INFORMATION SHOWN Start Marker

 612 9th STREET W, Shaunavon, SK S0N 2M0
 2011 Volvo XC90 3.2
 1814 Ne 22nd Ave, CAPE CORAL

INFORMATION SHOWN End Marker

From the data above, output every line exactly.

• **RESULT OF THE EXERCISE**
 612 9th STREET W, Shaunavon, SK S0N 2M0
 2011 Volvo XC90 3.2
 1814 Ne 22nd Ave, CAPE CORAL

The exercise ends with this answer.